AddType text/x-server-parsed-html .fhtml .html
Options FollowSymLinks Includes

This means that the server parses .html files for SSIs, so you
(and search engines...) don't need to know that there's dynamic
stuff happening behind the scenes. The included files are all .fhtml
(fragment of HTML), but we're parsing them for SSIs too.

This allows me to build a page with a hierarchy of SSI containers.
The main page essentially has 3 bits - a top include, the content, and
a bottom include. Very, very easy to check, edit and so on. And hey - the
content's separated from the presentation (sweet).

But each of those includes is a file with further includes (actually XSSI
ones to do things like conditional printable templates), which breaks the
stuff above and below the content down into further containers - one
include per container. Some of these are script SSIs btw, like for the
crumbtrail. However, it's all done at a block level.

Below this, there is generally a bunch of small include files, each of
which contains a module, like the Search Engine form, or the dtd etc.
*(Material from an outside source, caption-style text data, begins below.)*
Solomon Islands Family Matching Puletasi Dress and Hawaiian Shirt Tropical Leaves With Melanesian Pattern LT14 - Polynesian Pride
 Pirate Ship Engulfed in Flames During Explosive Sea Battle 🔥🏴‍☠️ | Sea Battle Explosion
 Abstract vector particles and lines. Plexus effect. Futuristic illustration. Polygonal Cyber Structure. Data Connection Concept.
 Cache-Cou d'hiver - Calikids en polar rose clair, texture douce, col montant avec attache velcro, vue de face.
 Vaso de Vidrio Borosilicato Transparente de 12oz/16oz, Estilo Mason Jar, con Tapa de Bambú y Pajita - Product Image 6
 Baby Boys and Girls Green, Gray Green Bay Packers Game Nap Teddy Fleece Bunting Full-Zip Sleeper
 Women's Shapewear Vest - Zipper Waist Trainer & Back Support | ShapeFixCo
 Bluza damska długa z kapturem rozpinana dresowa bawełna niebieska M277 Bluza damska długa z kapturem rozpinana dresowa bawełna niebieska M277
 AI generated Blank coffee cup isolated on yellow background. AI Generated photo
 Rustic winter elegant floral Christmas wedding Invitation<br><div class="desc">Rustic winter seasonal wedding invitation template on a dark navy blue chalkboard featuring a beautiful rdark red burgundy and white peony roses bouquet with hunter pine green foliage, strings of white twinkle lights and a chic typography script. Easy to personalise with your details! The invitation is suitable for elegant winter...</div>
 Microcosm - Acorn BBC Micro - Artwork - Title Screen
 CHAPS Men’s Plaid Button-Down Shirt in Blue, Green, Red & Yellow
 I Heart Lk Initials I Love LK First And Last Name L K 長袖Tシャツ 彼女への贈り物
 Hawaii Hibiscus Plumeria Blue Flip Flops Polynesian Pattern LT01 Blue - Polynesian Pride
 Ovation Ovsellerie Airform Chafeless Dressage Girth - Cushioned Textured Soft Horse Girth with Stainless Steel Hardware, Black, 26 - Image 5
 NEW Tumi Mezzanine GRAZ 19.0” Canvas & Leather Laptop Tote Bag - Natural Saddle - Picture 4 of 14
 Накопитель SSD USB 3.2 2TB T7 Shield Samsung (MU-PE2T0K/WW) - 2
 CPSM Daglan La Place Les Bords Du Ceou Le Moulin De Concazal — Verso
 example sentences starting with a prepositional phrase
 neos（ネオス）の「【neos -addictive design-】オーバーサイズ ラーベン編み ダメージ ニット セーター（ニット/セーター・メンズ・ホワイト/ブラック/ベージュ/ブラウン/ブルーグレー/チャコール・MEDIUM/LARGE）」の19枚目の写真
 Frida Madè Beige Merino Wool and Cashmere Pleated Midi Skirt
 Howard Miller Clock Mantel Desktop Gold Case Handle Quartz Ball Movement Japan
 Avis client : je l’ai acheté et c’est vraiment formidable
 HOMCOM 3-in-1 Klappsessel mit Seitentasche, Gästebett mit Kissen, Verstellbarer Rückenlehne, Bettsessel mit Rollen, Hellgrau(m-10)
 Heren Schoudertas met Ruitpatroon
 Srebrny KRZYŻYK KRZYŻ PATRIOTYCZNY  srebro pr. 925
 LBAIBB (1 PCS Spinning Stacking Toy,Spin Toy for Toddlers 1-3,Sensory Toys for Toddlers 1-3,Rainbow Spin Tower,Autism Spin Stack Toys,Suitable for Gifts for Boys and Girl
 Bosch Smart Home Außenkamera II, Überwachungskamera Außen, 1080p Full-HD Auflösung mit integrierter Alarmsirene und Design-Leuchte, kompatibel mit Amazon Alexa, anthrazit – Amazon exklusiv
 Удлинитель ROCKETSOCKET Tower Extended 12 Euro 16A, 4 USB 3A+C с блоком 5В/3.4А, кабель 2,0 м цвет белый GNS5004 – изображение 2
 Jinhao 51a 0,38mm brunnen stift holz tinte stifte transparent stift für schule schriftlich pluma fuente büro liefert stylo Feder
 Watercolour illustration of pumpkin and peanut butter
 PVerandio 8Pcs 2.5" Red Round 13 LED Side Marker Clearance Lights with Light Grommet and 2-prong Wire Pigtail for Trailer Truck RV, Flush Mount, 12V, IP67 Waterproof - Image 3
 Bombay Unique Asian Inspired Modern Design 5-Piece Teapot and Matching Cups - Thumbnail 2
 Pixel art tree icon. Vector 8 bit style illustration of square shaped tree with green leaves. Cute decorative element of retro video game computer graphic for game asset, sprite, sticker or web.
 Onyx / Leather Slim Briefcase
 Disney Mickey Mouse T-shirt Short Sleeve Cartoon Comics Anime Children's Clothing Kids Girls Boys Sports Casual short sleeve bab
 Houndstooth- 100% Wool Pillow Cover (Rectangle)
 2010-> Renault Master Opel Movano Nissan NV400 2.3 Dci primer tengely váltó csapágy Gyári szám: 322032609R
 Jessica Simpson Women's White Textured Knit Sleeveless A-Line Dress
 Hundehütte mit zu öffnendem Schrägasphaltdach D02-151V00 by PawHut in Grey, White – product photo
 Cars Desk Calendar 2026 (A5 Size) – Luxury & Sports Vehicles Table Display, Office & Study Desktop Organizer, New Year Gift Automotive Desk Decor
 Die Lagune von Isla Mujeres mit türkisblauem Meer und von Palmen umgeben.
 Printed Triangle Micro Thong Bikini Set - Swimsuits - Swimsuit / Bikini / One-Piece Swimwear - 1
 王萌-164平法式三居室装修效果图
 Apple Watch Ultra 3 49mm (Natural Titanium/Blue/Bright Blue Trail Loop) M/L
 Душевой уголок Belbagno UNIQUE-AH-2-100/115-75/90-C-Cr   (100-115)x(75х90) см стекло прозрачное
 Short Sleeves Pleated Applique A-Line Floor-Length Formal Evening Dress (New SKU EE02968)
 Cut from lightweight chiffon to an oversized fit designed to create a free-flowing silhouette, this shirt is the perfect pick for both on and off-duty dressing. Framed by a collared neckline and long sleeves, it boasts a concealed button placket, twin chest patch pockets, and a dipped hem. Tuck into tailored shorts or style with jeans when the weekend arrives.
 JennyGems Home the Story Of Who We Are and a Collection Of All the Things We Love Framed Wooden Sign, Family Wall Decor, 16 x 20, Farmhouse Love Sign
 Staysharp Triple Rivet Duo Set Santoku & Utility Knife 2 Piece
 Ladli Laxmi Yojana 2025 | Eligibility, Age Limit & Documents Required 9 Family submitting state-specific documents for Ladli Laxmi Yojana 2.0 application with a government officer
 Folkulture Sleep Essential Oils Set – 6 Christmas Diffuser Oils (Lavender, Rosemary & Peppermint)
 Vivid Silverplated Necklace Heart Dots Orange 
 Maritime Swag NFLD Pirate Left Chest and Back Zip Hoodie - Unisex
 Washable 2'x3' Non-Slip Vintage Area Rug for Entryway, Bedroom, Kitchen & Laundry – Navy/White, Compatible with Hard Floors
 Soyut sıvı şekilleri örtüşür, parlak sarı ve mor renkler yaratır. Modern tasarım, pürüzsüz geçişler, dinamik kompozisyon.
Because this is all modular, it's very easy to add another standard
module - you find the include at the next level above, and add it there.
One file edited updates the whole site.

But doesn't this impact on the site performance? Not really (although it
might with a very high traffic site). SSIs have a pretty low impact on a
Unix/Apache server's resources, much, much lower than most language
interpreters. If the server's doing its job and caching the includes to a
certain extent, you won't even get much disk access either.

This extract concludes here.